INPUT FOR THIS TASK:
========

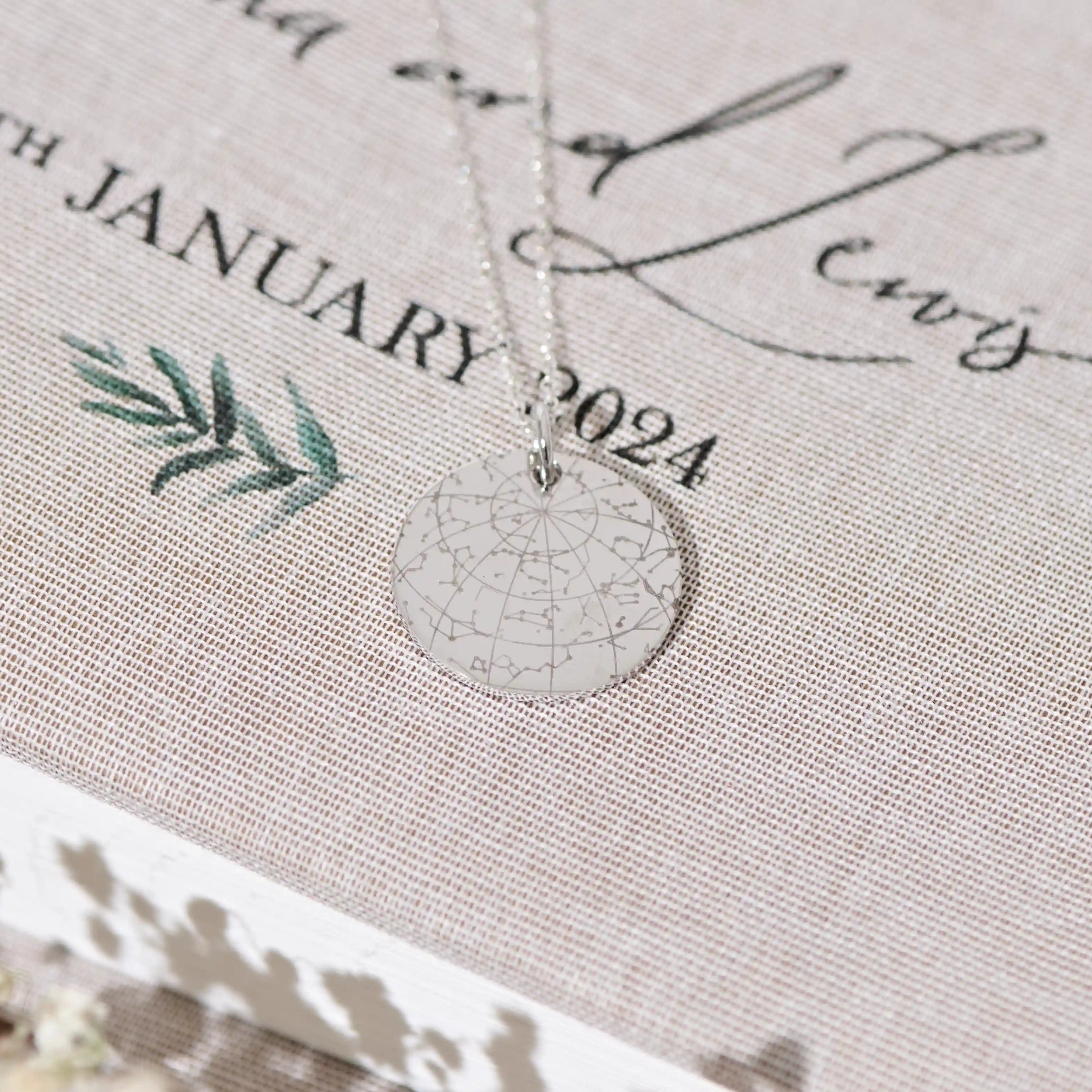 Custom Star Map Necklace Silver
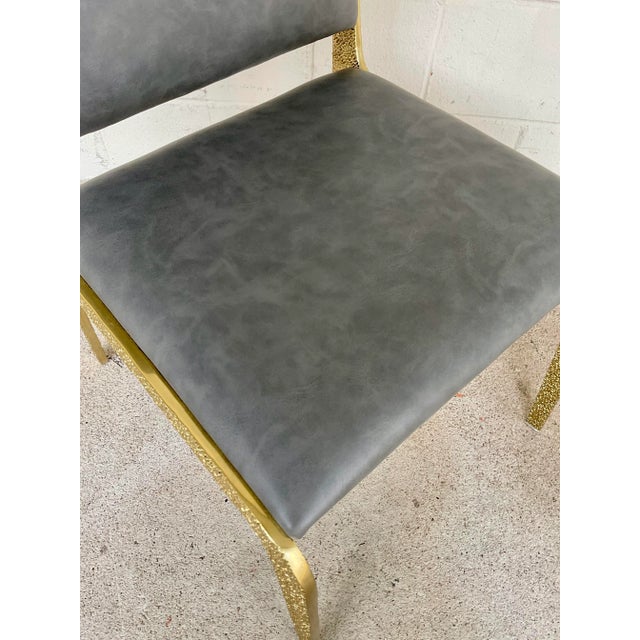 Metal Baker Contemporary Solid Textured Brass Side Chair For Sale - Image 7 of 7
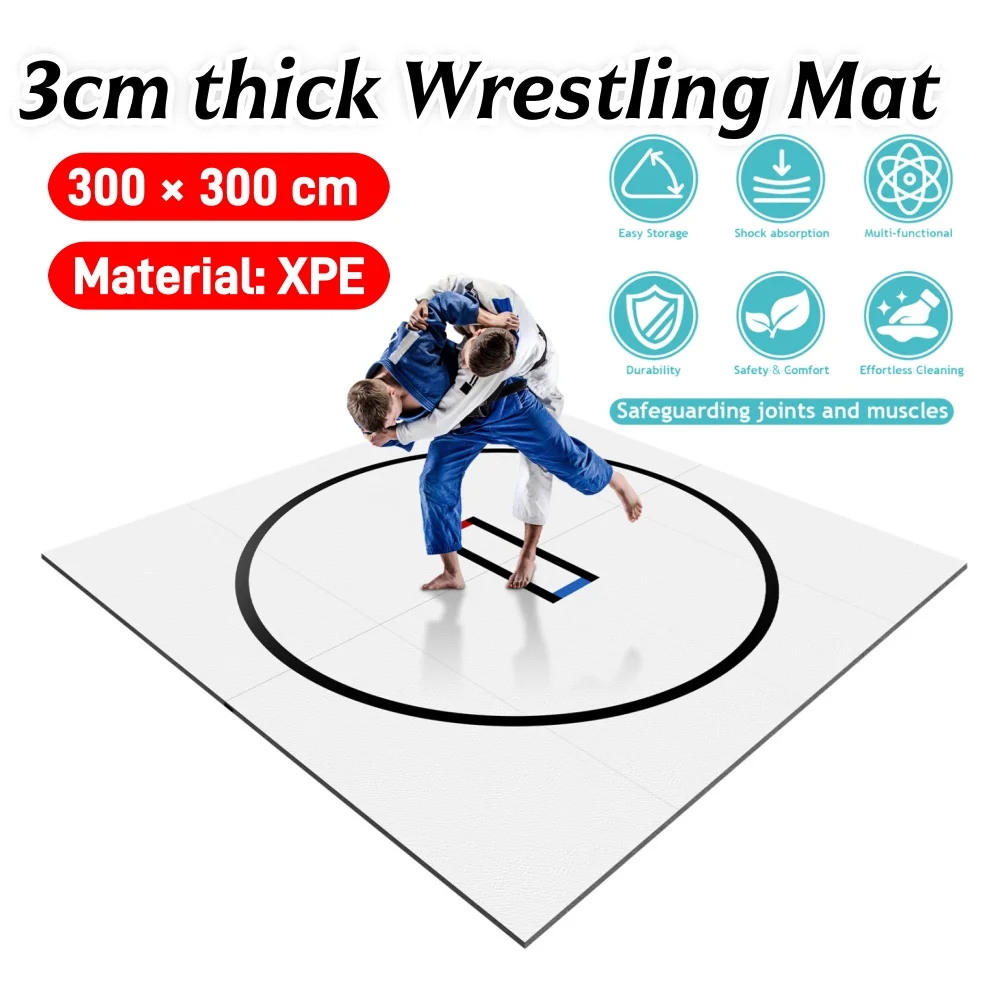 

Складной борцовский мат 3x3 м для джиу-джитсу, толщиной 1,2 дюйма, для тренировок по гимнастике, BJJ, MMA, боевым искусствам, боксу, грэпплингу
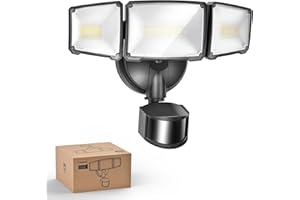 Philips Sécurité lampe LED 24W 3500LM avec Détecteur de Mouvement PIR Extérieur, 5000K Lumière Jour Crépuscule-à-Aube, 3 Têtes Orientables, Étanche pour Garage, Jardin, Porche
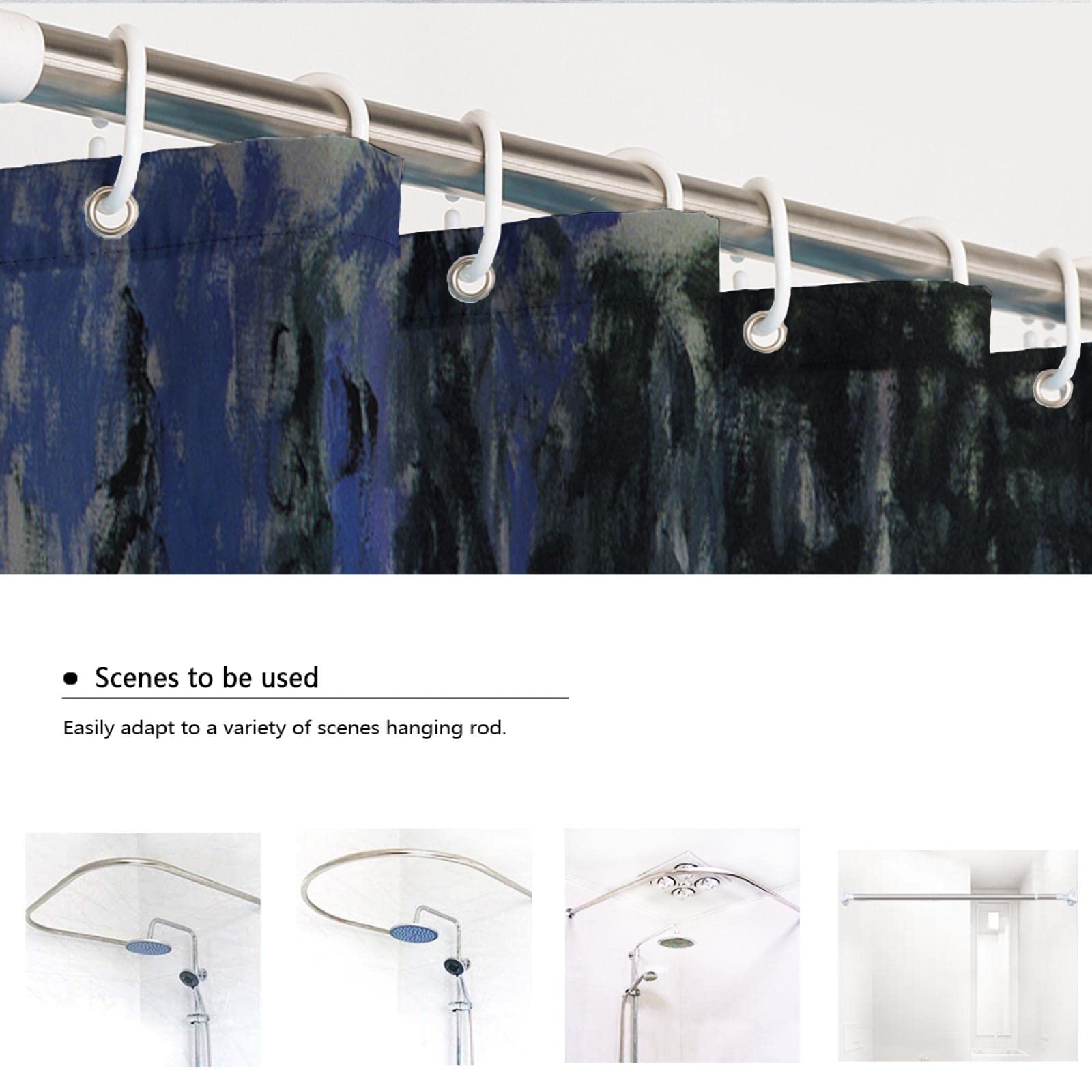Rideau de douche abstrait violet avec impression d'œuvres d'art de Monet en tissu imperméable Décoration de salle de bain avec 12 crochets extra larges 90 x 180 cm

========

WHAT IS REQUIRED: Reproduce the lines above, exactly and exclusively, from the line containing "Metal Baker Contemporary" down to the last line, both included; pictures are not part of the copy.

OUTPUT FOR THIS EXERCISE:
 Metal Baker Contemporary Solid Textured Brass Side Chair For Sale - Image 7 of 7

Складной борцовский мат 3x3 м для джиу-джитсу, толщиной 1,2 дюйма, для тренировок по гимнастике, BJJ, MMA, боевым искусствам, боксу, грэпплингу
 Philips Sécurité lampe LED 24W 3500LM avec Détecteur de Mouvement PIR Extérieur, 5000K Lumière Jour Crépuscule-à-Aube, 3 Têtes Orientables, Étanche pour Garage, Jardin, Porche
Rideau de douche abstrait violet avec impression d'œuvres d'art de Monet en tissu imperméable Décoration de salle de bain avec 12 crochets extra larges 90 x 180 cm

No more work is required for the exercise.